Decorative low walls, corner delineations, and special treatment of fence posts in the front yard shall be submitted for approval to the Architectural Design Committee.
No fence shall be permitted within the back yard which exceeds six (6) feet in height, except those constructed to encompass a tennis court or swimming pool. Fences that exceed four (4) feet high shall be of open style and not obstruct sight lines except where residential Lots are adjacent to commercial properties.
No barbed wire, razor wire, or other potentially harmful fence material shall be permitted to be erected on any Lot.

 

2.03 When two or more Lots are used as one building site the setback restrictions set forth in Section 2.01 above shall apply to the exterior perimeter of the combined site.
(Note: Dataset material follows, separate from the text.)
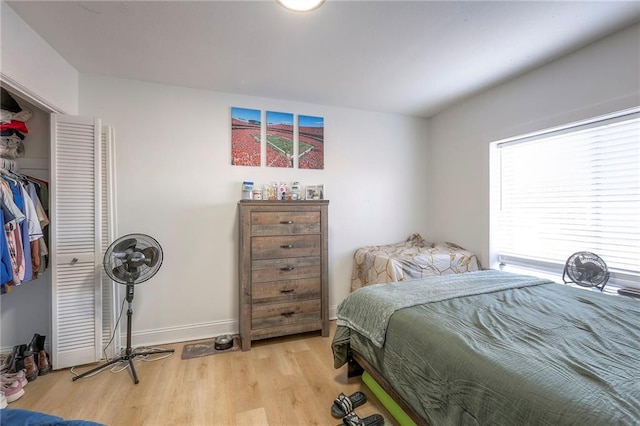 bedroom with light wood-type flooring, a closet, and baseboards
If the two Lots cease to be used as one building site, then the original Lot lines and deed restrictions shall remain in place on each of the two Lots.

 

3.01 Residential Sites and Building Size Restrictions
No Lot as shown and encumbered hereby shall be divided or resubdivided unless both portions of said Lot be used to increase the size of an adjacent Lot or the adjacent Lots as platted. Divided portions of Lots must extend from fronting street to existing rear property line. Boundary line adjustments shall be permitted, for purposes of satisfying the setback requirements in these restrictions, by way of recorded easements.

 

3.02 No main building on any Lot shall be constructed that is less than sixteen hundred (1600) square feet, except for the Lots specified in Addendum A for Unit Three which shall not have less than eighteen hundred (1800) square feet. Square footage calculations exclude porches, garages, carports, and other accessory buildings not completely enclosed and not intended as living quarters for humans. No two-story house on any Lot shall have a ground floor living area of less than twelve hundred (1200) square feet.

 

3.03 Every structure placed on any Lot shall be constructed from new material, unless the use of other than new material shall have received the written approval of the Architectural Design Committee.

 

3.04 Modular/ Manufactured Homes
A residential structure which is delivered to the site in assembled units, on wheels or on a trailer, such as but not limited to, mobile home, double wide home, manufactured or modular home, is not permitted to be placed on any Lot.

 

4.01 Nuisances, Trash, Etc.
No noxious or offensive trade shall be carried on upon any Lot, nor shall anything be done thereon which may be or become an annoyance or nuisance to the neighborhood, including, without limitation, excessive noise.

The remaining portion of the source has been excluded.